Degni comprimari di questa compagnia da avanspettacolo, i due Matteo hanno assunto il ruolo della coppia da barzelletta. Accomunati da un insolito destino, il capo della Lega e l’ex segretario del Pd fanno a gara per elevare sul Colle il padre-padrone di Forza Italia e spartirsi la sua ormai magra eredità elettorale e soprattutto la quota più consistente del suo potere mediatico. Non ci resta che piangere, per dirla con il titolo di un film diretto e interpretato da Roberto Benigni con l’indimenticabile Massimo Troisi.
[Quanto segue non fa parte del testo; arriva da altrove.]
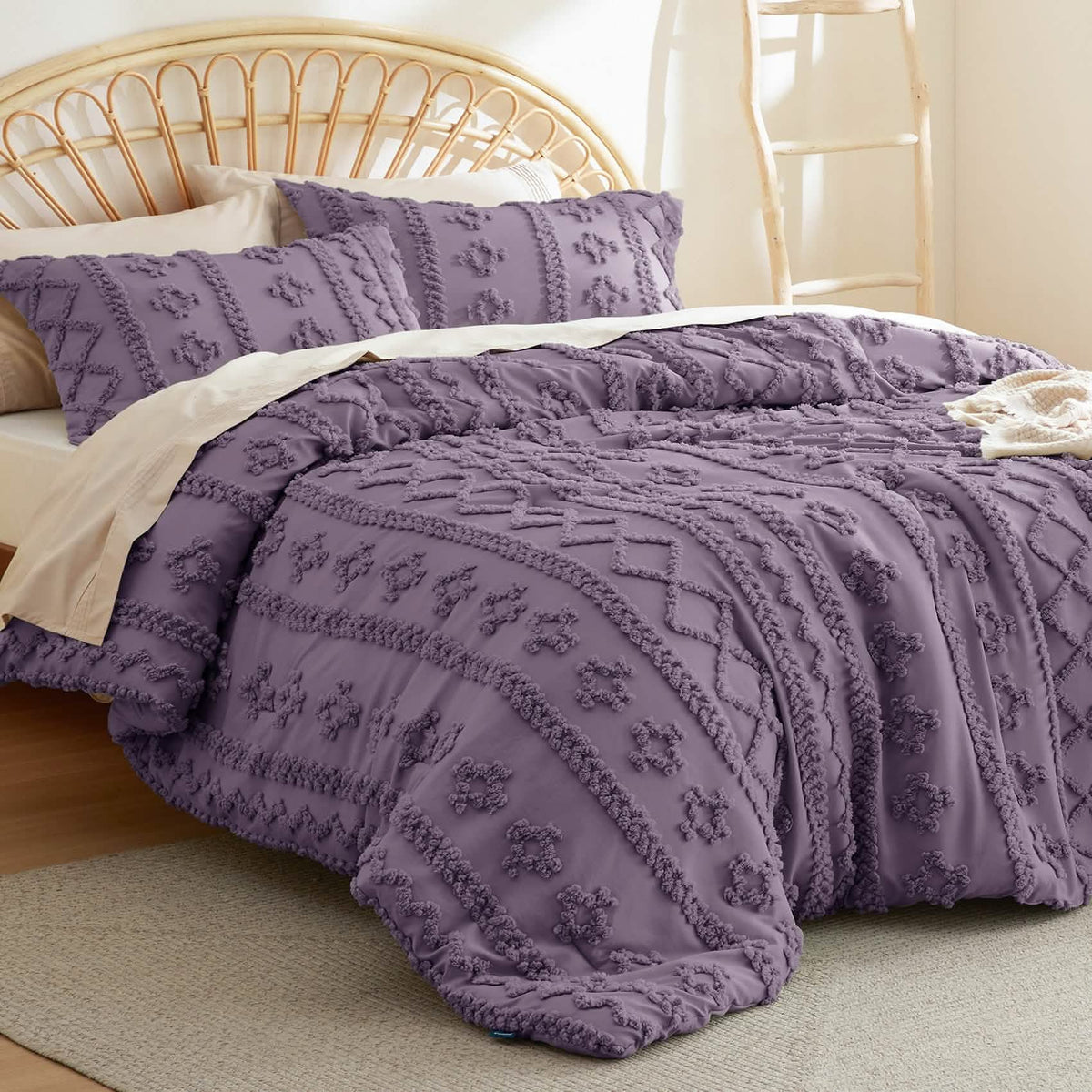 Bed Comforter, Boho Deluxe Embroidery Set, Breathable Construction, Machine-Washable Care for Everyday Bedding and Comfortable Sleep image 49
Soltanto in un Paese sventurato come il nostro qualche buontempone può immaginare di elevare alla presidenza della Repubblica un uomo di 84 anni che – a Dio piacendo – terminerebbe il mandato ultranovantenne; provato nel fisico, tanto da disertare le udienze del processo Ruby-ter per ricoverarsi a più riprese all’ospedale San Raffaele; pregiudicato e pluri-amnistiato con tutti i suoi procedimenti giudiziari alle spalle; concessionario pubblico televisivo e massima incarnazione del più macroscopico conflitto d’interessi. Anche se fosso solo una boutade, sarebbe assurda. Ma, come si sa, non c’è limite al peggio. Se dalla tregua istituzionale introdotta dal “Governo dei Migliori” dovesse sortire un esito del genere, assisteremmo a un golpe mediatico, una fiction, un horror televisivo, l’anteprima assoluta del “Governo dei Peggiori”. Con Berlusconi al Quirinale e poi Matteo Salvini o Giorgia Meloni a Palazzo Chigi, sarebbe uno scenario da incubo. La Penisola si sposterebbe, di colpo, a Est; la Repubblica italiana sarebbe balcanizzata, sul modello sovranista e autoritario dell’Ungheria di Viktor Orbán; e l’Europa interromperebbe verosimilmente l’erogazione dei fondi assegnati al nostro Paese dal Next Generation Eu, ottenuti dall’ex premier Giuseppe Conte e gestiti ora da Mario Draghi & C. In base ai numeri attuali, mancherebbero una cinquantina di “grandi elettori” per portare a termine l’Operazione Katastrofe. Tutto dipenderà dalla tenuta del centrosinistra, che sulla carta ha ancora la maggioranza in Parlamento, e in particolare dal futuro dei Cinquestelle: sarebbe già un motivo sufficiente per risolvere la diatriba fra Grillo e Conte per la leadership del Movimento, ricompattandolo prima che si sciolga come la calotta polare. Ma i voti dei transfughi di Italia Viva, eletti a suo tempo nelle liste del Partito democratico, potrebbero risultare determinanti. Non a caso l’attività diplomatica è già in corso, come lascia sospettare il voltafaccia dei renziani sul ddl Zan contro l’omofobia: inconcepibile quanto incoerente la pretesa di stravolgere al Senato una legge che loro stessi avevano già approvato alla Camera, tanto più da parte di una forza politica che voleva abolire il cosiddetto “bicameralismo perfetto”. Questo, sul terreno dei diritti civili, sarebbe lo “strappo” più grave dell’ex rottamatore dallo schieramento e soprattutto dall’opinione pubblica di centrosinistra.